** Required action **
Look below for the line with "High Moral Ground"; begin the copy there and stop after the line with "不太理解你的意思呢。你是想问", keeping the text exact and the pictures out.

** Provided records **
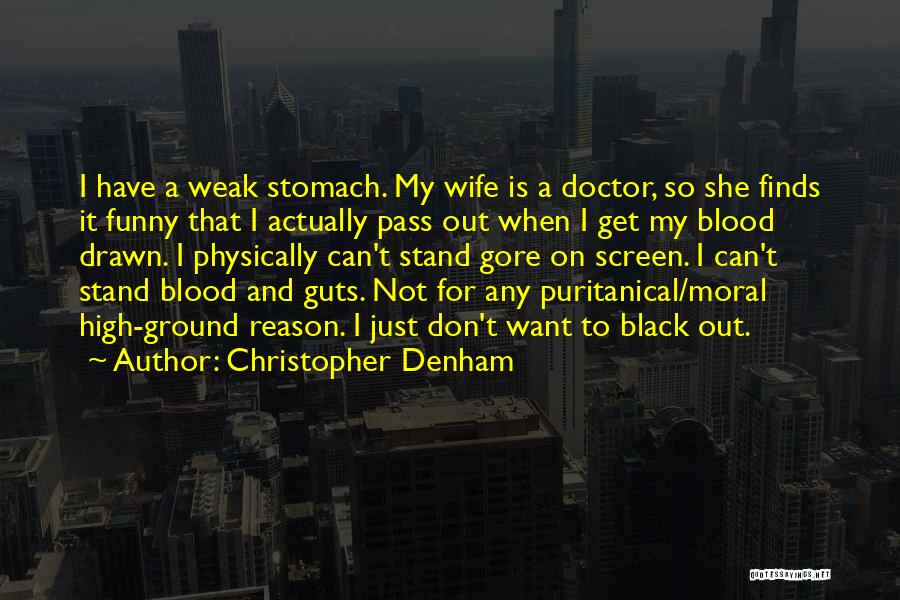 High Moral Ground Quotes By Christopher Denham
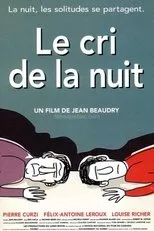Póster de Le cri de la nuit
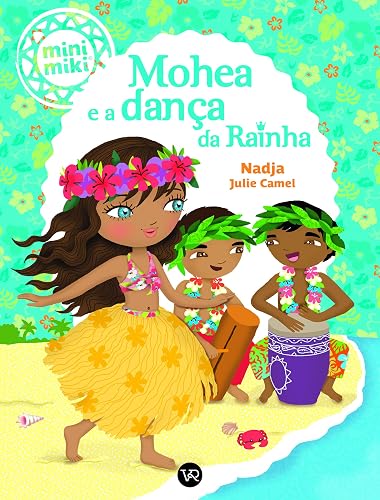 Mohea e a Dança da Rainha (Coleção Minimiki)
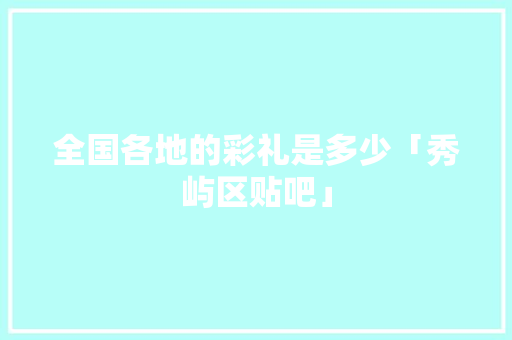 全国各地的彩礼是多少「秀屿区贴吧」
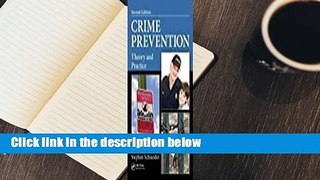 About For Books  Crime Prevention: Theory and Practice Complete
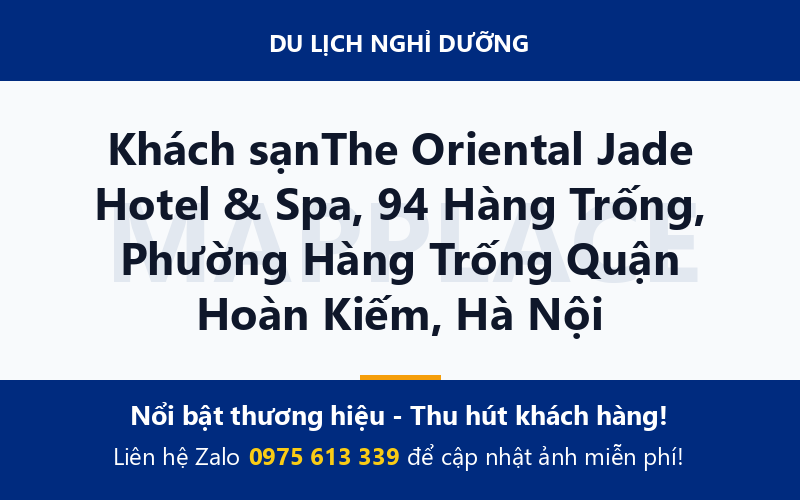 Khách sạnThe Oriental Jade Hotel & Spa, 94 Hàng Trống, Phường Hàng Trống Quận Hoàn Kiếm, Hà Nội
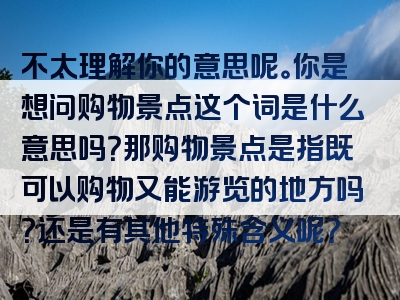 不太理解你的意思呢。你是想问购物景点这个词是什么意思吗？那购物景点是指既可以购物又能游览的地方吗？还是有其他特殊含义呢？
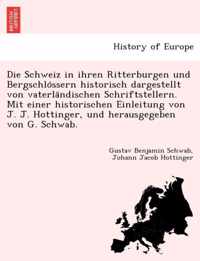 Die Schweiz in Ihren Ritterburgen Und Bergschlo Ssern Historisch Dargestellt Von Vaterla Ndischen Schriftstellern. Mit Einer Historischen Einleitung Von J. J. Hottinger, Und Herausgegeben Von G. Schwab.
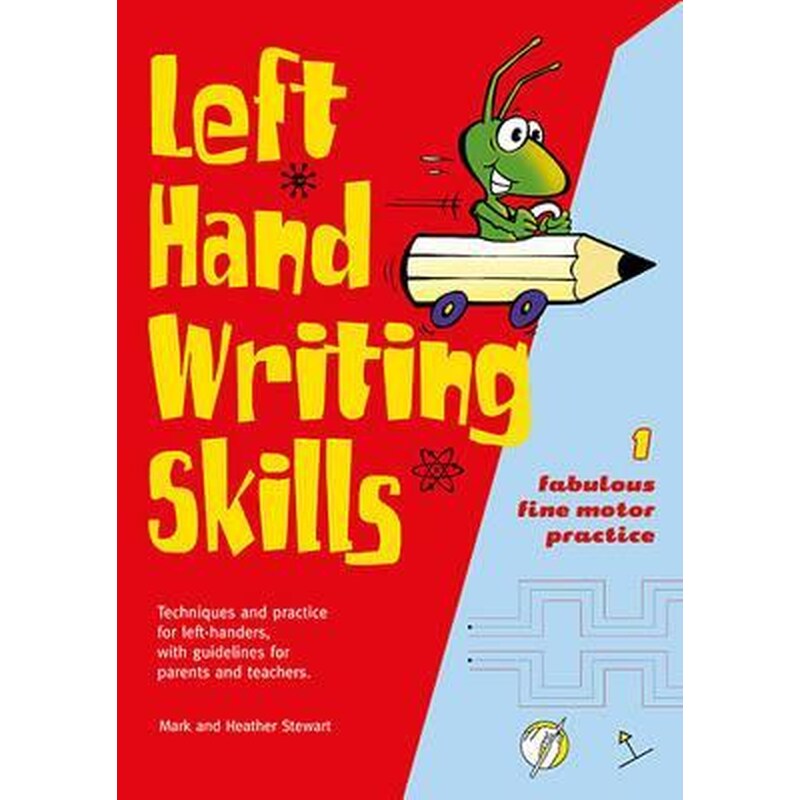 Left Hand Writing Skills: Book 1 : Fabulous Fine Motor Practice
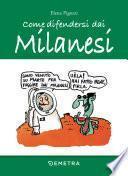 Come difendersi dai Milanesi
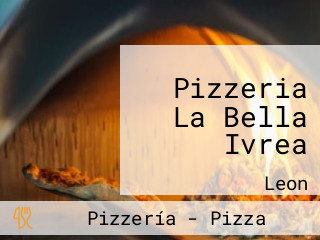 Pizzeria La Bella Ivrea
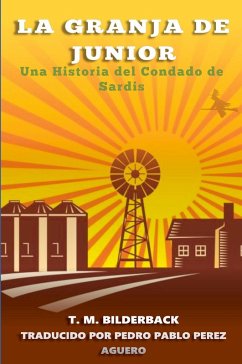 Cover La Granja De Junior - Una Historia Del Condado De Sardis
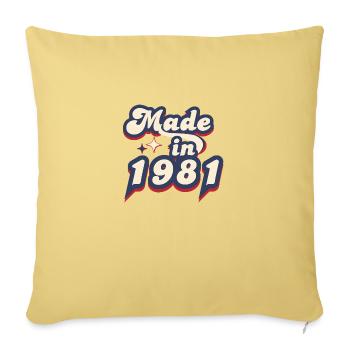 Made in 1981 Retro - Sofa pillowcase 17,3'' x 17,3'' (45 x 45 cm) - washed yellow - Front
---
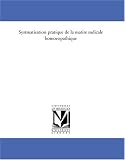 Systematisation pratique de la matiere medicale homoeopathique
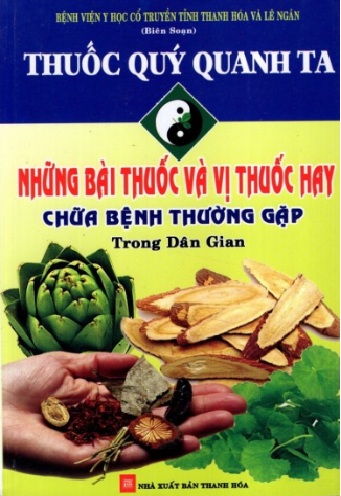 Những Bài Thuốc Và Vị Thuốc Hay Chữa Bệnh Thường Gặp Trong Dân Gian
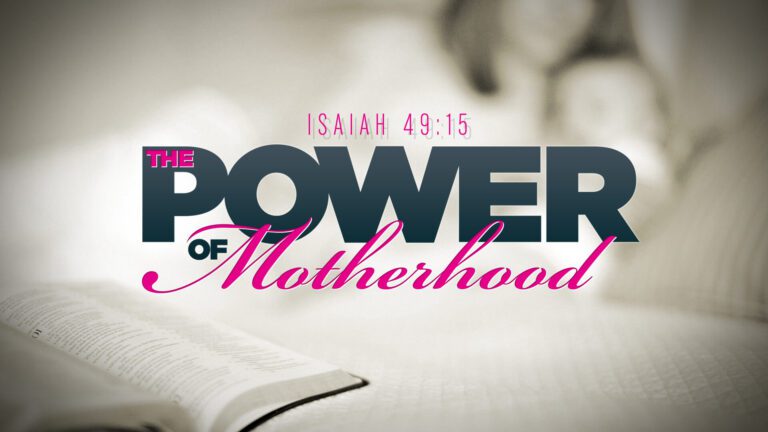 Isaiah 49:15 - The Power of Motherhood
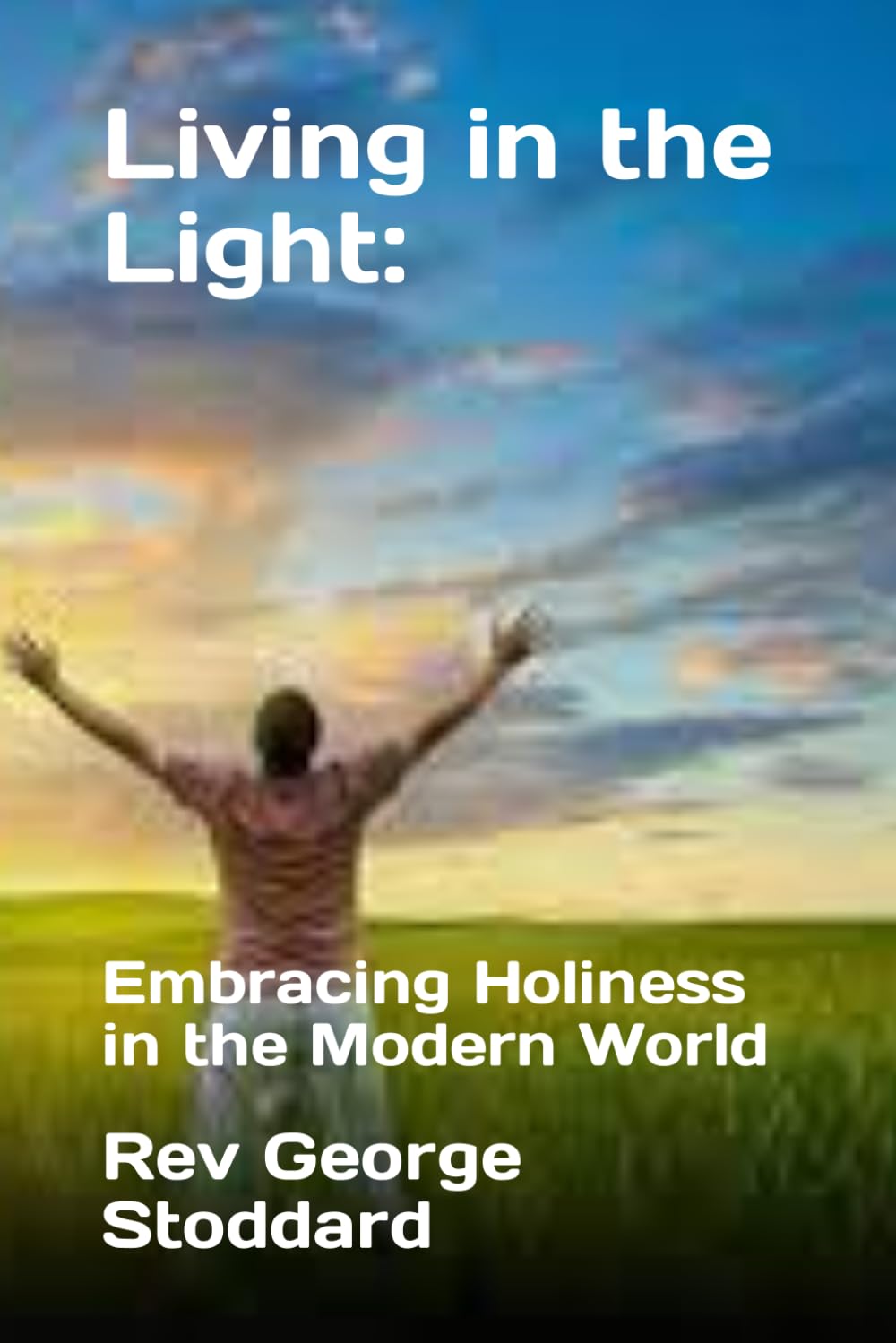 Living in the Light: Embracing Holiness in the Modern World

** Task answer **
 High Moral Ground Quotes By Christopher Denham
Póster de Le cri de la nuit
 Mohea e a Dança da Rainha (Coleção Minimiki)
 全国各地的彩礼是多少「秀屿区贴吧」
 About For Books  Crime Prevention: Theory and Practice Complete
 Khách sạnThe Oriental Jade Hotel & Spa, 94 Hàng Trống, Phường Hàng Trống Quận Hoàn Kiếm, Hà Nội
 不太理解你的意思呢。你是想问购物景点这个词是什么意思吗？那购物景点是指既可以购物又能游览的地方吗？还是有其他特殊含义呢？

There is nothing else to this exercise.